Nausicaa, the unmarried princess of Phaeacia, rescues Ulysses on the same day that her father is warned by an oracle not to listen to sailors, storytellers or strangers. The king fears incurring the wrath of the gods by breaking the laws of hospitality so he holds a banquet in honor of his guest whom he learns is Ulysses. The king sends Ulysses to Ithaca where Ulysses lands on a lonely shore and dons the clothes of a beggar. As a beggar, Ulysses goes to the home of Eumaeus, his swineherd, who agrees to feed the beggar. That same night, Telemachus returns from searching for news of his father as a party of Penelope's suitors lie in wait to kill the prince. Athene thwarts the suitors' plot and changes herself into a swineherd to greet Telemachus and direct him to Eumaeus' hut. Ulysses cannot restrain himself from revealing his identity to his son and planning his attack on Penelope's suitors. At dusk the next day, Ulysses, dressed as a beggar, arrives at the castle where the suitors abuse him.
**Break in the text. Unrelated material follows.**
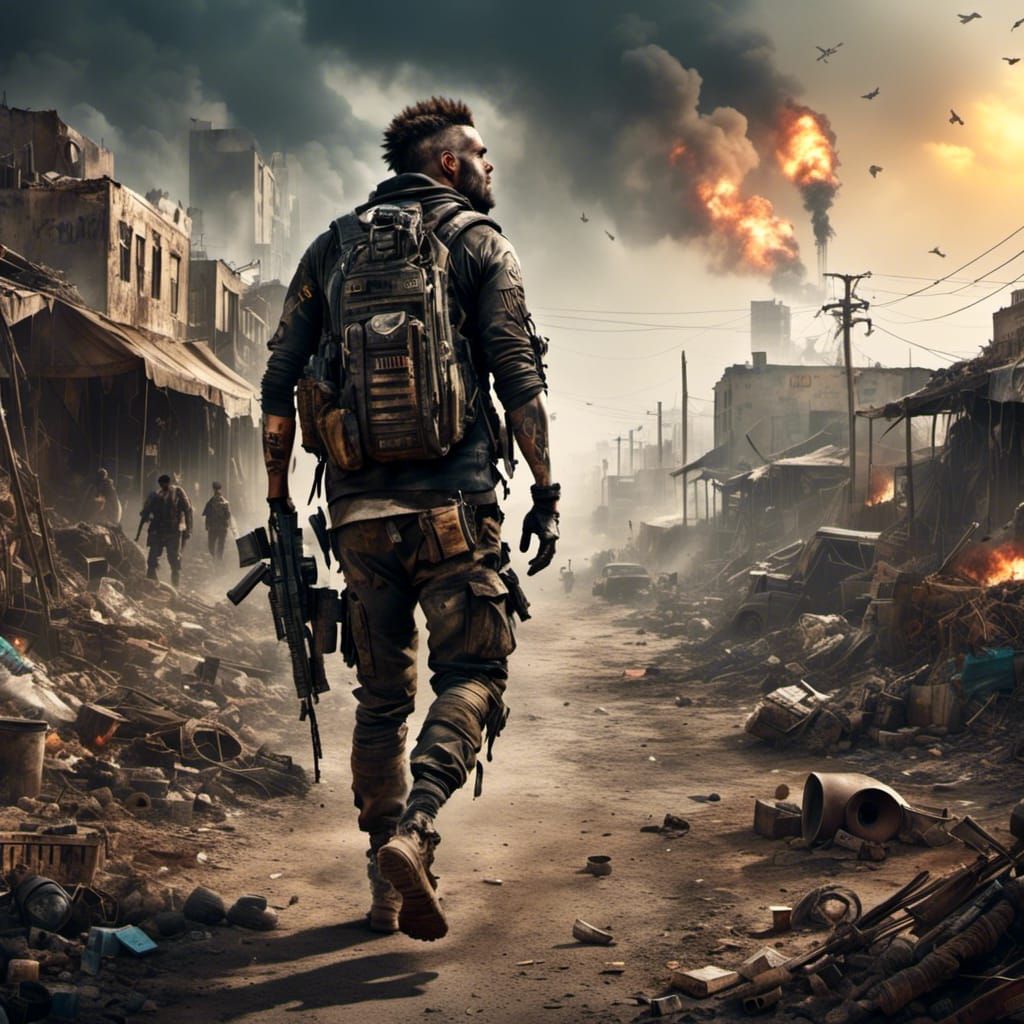 Soldier in Burning Post-Apocalyptic Town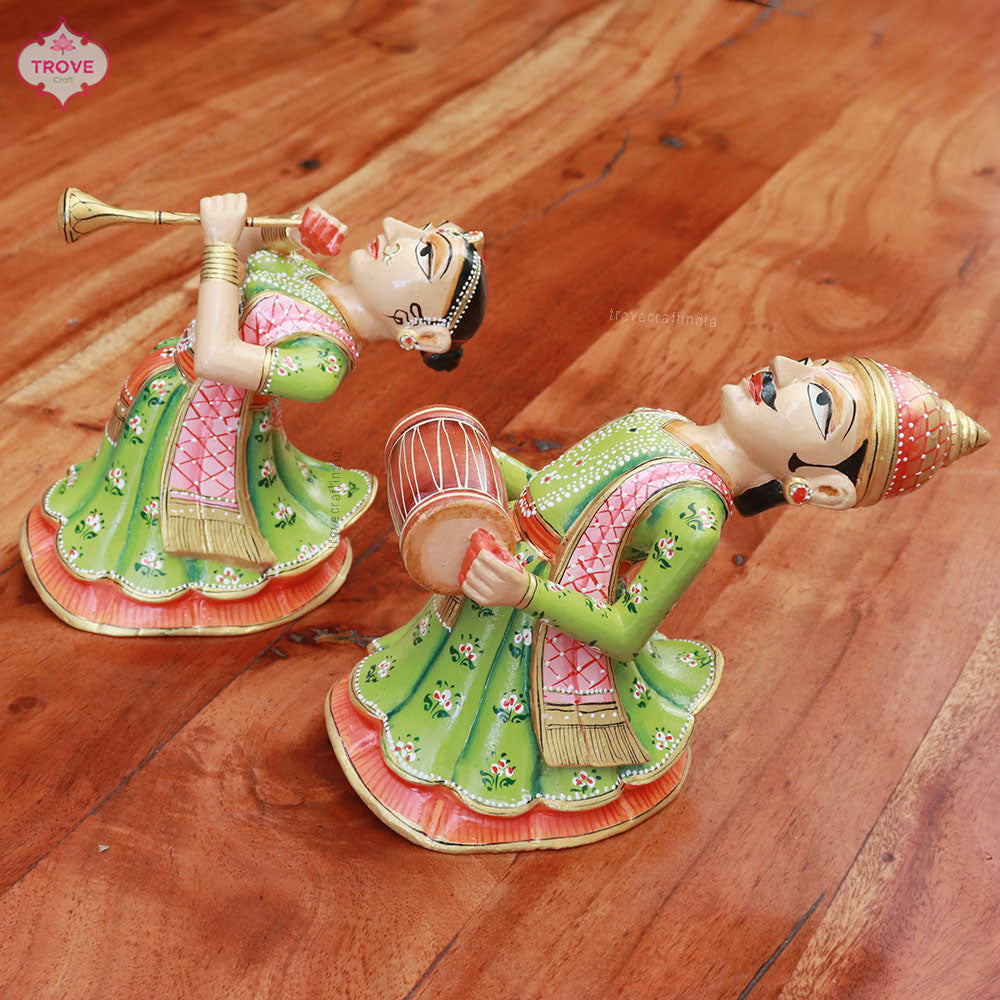 Set of 2 - Wall hanging Rajasthani Gangaur Musical Pairs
Still disguised, Ulysses tells Penelope pleasing stories about Ulysses and convinces her to hold an archery contest to decide who her next husband will be. While Penelope announces the contest to the suitors, Ulysses arms himself. None of the suitors are able to string Ulysses' bow. Ulysses shoots an arrow through twelve axe rings and reveals himself. Ulysses, Telemachus, Eumaeus and the neatherd kill the suitors, and Ulysses claims his wife. He promises to teach Telemachus everything his son needs to know because Ulysses is home now.